Trump, the presumptive Republican nominee, was set to be sentenced on July 11 after being convicted in May on 34 counts of falsifying business records as part of a scheme to influence the 2016 election through a hush money payment to adult film actor Stormy Daniels. Trump denies any wrongdoing and Daniels’ allegations of an extramarital sexual encounter.

But on Tuesday, his sentencing was postponed until at least September as Judge Juan Merchan agreed to weigh the impact of Monday’s Supreme Court decision on presidential immunity. The ruling said that former presidents have immunity from prosecution for all official acts, but not unofficial or personal acts.

Trump’s lawyers argued that the court’s ruling requires not just delaying the sentencing, but also overturning Trump’s conviction. In an appearance on MSNBC, Barbara McQuade, a former U.S. Attorney for the Eastern District of Michigan appointed by Barack Obama, said Trump’s lawyers will struggle to make the case that the court’s ruling means the conviction needs to be tossed.

Donald Trump takes part in debate
Donald Trump participates in the CNN Presidential Debate at the CNN Studios on June 27, 2024, in Atlanta, Georgia. A former U.S. attorney said Trump faces an uphill battle to have his hush money conviction…


Justin Sullivan/Getty Images

“I don’t think there is anything in this case—the payment of hush money to a porn star, the falsification of business records to conceal that—I don’t think there’s any way to characterize any of that as an official act that would be immune from prosecution,” McQuade said on The Last Word with Lawrence O’Donnell.

“I think the only little sliver of possibility of an argument that Trump’s team could raise is this other part of the ruling where the Supreme Court said that the prosecution cannot even use as evidence any official act in bringing a case for unofficial conduct.”

That means looking back on the trial to see if there was any evidence presented that may be considered the official conduct of a president, she said.

“I suppose there is an argument that the testimony of Hope Hicks, who was testifying about a conversation she had with Donald Trump when she was a communication staffer for him,” she said. “Is that possibly an official act?
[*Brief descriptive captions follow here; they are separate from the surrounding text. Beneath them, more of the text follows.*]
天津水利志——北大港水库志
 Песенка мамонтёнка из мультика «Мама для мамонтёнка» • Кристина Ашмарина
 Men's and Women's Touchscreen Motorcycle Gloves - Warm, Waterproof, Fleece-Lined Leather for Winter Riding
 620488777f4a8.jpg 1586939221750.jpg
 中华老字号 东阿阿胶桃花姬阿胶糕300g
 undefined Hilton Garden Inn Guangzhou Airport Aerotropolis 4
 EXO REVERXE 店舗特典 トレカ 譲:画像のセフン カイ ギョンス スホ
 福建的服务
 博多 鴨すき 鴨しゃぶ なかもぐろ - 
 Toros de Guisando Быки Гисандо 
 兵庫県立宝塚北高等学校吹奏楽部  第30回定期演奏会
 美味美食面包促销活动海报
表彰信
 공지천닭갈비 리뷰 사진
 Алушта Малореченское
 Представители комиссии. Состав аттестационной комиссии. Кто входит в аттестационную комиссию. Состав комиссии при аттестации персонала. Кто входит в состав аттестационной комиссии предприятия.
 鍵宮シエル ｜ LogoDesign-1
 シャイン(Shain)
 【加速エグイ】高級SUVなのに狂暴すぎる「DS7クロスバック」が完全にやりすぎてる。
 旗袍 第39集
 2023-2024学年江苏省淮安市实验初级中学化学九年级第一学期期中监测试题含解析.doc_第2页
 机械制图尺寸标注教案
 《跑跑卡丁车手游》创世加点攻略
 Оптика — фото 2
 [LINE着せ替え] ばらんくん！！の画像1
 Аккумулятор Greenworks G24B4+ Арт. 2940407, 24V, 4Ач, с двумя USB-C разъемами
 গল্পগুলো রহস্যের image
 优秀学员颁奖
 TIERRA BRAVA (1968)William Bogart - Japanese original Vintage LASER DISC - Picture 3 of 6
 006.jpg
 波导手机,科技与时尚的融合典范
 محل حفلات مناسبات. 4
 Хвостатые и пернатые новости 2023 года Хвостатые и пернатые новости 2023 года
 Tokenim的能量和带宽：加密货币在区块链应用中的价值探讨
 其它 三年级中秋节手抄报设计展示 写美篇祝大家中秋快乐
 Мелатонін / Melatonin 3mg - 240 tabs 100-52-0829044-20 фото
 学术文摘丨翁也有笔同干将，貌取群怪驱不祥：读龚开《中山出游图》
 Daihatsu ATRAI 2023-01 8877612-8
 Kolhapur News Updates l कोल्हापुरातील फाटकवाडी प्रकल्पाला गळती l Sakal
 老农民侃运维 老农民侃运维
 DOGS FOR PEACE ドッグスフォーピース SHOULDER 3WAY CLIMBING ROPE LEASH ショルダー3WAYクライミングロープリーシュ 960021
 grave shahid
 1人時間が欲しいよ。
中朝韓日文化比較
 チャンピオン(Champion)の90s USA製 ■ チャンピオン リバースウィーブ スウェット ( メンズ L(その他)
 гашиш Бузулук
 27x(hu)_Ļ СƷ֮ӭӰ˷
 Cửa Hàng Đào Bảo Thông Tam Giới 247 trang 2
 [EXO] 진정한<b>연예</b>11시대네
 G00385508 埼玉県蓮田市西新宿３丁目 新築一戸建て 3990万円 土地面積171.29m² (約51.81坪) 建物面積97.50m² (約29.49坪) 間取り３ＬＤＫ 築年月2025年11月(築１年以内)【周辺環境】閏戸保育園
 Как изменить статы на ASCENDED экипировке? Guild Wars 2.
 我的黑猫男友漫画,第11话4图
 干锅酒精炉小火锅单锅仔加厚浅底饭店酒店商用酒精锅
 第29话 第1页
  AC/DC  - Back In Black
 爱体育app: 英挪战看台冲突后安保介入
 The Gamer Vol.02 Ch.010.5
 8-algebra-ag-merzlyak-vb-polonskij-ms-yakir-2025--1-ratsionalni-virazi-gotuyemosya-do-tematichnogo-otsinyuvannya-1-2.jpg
I think it is arguable, so I think that could be the issue. Now I think even if it is erroneous to allow that in, even if Donald Trump did not waive immunity by failing to raise it in a timely fashion, just because there’s an error in the trial does not mean that the case gets overturned.”

McQuade said Trump’s lawyers will “have to show that the error would’ve made a difference in the outcome of the trial, and so I think it makes it an uphill battle for Trump’s defense team.”

McQuade and a Trump attorney were contacted for further comment via email.

Merchan wrote in his response to Trump’s lawyers that he would rule on the defense application on September 6, and set Trump’s a sentencing date for September 18 “if such is still necessary.”

In a post on Truth Social on Tuesday, Trump claimed the Supreme Court’s decision means “TOTAL EXONERATION” for him in all of the criminal cases against him. “The impact of the Immunity Ruling is a loud and clear signal for Justice in the United States,” Trump wrote.

The Supreme Court’s immunity decision makes it all but certain that Trump will not face trial in his election interference case in Washington before November’s election.

Trump has been charged with illegally hoarding classified documents at his Mar-a-Lago estate in Florida and obstructing the government’s efforts to get them back. He is also accused of participating in a scheme to illegally try to overturn his narrow loss to Biden in the 2020 election in Georgia. Neither of those cases are expected to go to trial before November.

Trump has denied wrongdoing in all of the cases.